## PROMPT:
From the entries below, return exactly the lines beginning at the one that contains "Polymers 09 00270 g006" and ending at the one that contains "El área sembrada", both of them included, and only those lines.

## RECORDS SHOWN:

-----

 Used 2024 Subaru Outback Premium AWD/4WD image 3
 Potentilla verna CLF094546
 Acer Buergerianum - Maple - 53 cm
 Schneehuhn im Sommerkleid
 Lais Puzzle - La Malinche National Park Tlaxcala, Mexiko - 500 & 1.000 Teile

-----

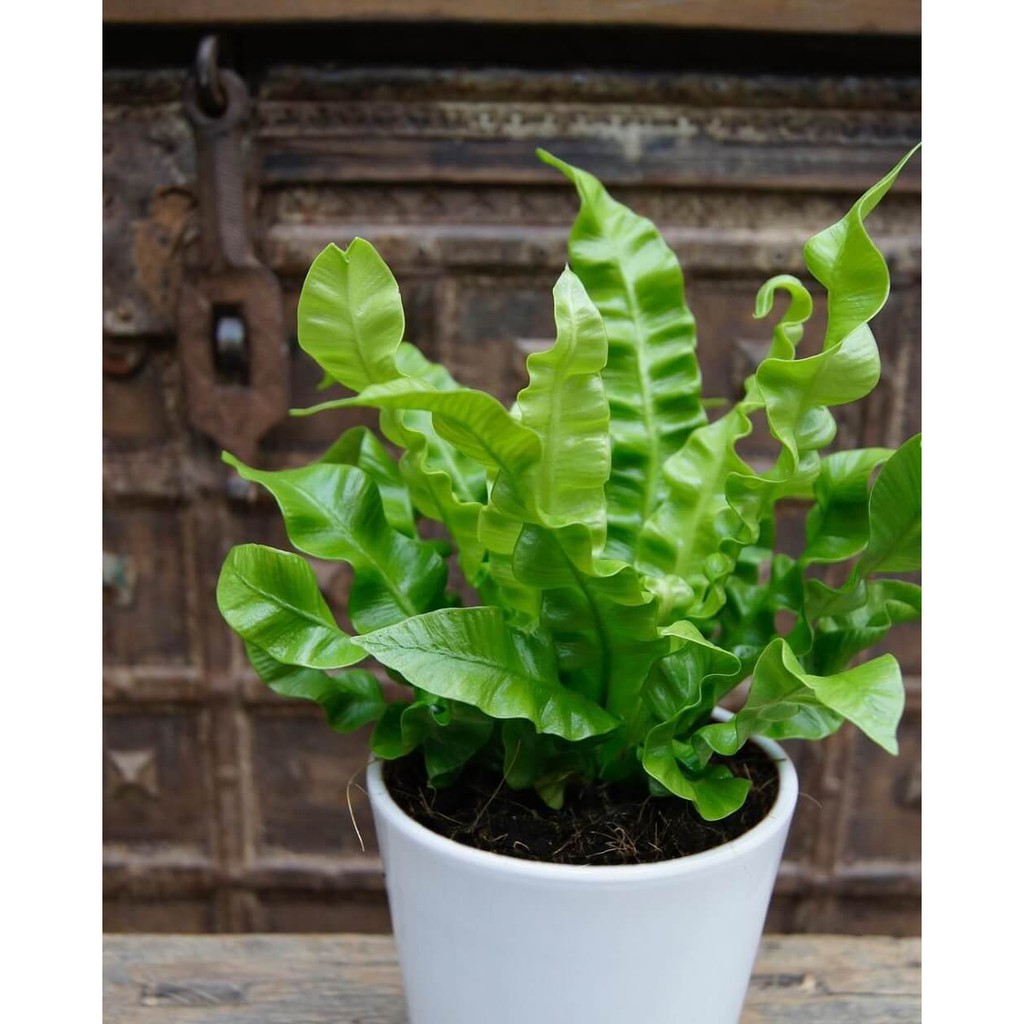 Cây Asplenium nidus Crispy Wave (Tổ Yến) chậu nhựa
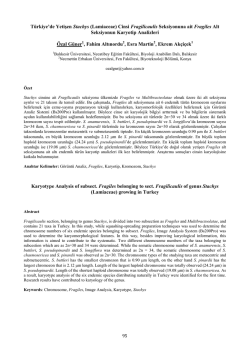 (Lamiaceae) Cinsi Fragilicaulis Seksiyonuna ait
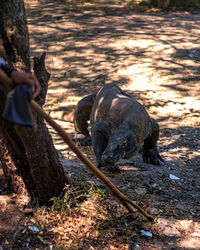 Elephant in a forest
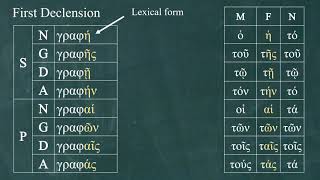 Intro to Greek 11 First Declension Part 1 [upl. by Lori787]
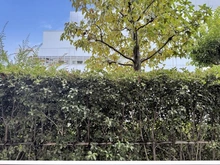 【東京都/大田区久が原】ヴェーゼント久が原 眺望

-----

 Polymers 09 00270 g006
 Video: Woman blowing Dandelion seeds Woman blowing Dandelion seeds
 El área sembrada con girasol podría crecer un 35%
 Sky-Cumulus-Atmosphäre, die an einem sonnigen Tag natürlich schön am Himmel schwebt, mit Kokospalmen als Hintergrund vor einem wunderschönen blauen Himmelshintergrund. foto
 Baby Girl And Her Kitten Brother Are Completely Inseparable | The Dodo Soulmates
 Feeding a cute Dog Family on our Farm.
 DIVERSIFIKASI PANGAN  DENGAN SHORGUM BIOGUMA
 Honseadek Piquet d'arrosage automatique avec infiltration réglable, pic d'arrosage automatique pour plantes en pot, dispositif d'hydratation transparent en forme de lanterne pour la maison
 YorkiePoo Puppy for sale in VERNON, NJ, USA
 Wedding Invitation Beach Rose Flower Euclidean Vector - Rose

-----

## TASK RESPONSE:
 Polymers 09 00270 g006
 Video: Woman blowing Dandelion seeds Woman blowing Dandelion seeds
 El área sembrada con girasol podría crecer un 35%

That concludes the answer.